View an infographic of the most common 2011 resolutions. Click anywhere on the image to get a larger look. Click on the arrow along the right margin to move to the next pop-up window. (There are four windows.)
What does the infographic reveal are the most common resolutions? How do your predictions compare: which of your predictions are on the list and which are absent? How do these resolutions fit into the categories you predicted? Do any of these resolutions surprise you? Why? In a small group, compare your predictions. Discuss how the statistics for six resolutions support the need for change.
Drinking less, becoming healthier, reducing debt, increasing savings: year after year, these are the stuff of New Year’s resolutions. Why do people return to these resolutions? In what ways is each topic significant?

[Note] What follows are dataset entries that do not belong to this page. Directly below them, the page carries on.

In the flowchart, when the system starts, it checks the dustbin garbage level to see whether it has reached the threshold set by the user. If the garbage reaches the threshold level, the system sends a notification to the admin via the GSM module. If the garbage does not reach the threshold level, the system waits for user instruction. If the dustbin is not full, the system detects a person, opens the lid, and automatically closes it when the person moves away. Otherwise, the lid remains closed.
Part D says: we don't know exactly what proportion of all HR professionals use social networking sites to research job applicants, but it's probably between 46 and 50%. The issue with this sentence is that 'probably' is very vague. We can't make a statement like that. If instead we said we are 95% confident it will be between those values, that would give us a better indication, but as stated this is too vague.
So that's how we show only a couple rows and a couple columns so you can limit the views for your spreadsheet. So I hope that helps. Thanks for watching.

Organize small groups of students so each researches one of the following common resolution topics: drink less alcohol, eat healthy food, get fit, lose weight, manage debt, manage stress, quit smoking, save money, and take a trip. USA.gov provides helpful resources for each topic. You can find out more about alcohol’s impact on your health. Learn more about the food groups and eating healthy food. Complete two widgets and receive health advice and ways to stay active. Learn more about weight loss for life. Explore money matters. Find techniques to manage stress. Find tools to help you quit smoking today. Discover American travel destinations. As a group, create a presentation to introduce classmates to the site(s) you explored and to teach them more about your topic and how it has a significant effect on lifestyle.

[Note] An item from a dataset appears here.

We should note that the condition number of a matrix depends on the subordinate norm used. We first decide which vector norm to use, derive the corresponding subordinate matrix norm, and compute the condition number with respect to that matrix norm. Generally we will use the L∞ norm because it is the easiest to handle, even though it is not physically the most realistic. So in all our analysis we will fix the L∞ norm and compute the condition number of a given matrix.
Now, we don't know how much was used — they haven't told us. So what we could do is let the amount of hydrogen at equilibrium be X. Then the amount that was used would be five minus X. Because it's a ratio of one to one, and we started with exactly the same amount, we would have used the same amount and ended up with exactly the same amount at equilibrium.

What are your resolutions this New Year? Perhaps a little brainstorming will spark a meaningful personal resolution. For a little help, view This Year I Will. Click the Gimme More button to see more resolutions. Share your responses to some of these ideas. Adopt one New Year’s resolution, either from this site or of your own creation.
You have a greater chance of fulfilling your goals if you follow a few S.M.A.R.T. guidelines. Read more about how to set up your resolutions. Spend some time now rewriting your resolution so that it is S.M.A.R.T. What specifically do you aim to do? How and how often will you measure your success? What small steps will you work toward? It will also help to write your resolution using positive language. Instead of “I will not bite nails” try “I will let my nails grow and take care of my nails and hands.” Use the power of friends and family; share with others what your goal is. It will help to have others cheering you on and holding you accountable. Remember that it takes thirty days to form a habit. What initial steps and support will help you achieve your first goal?
New Year’s is a time of new possibilities. When we set resolutions, we aim to become better and better. With some planning, those possibilities become reality.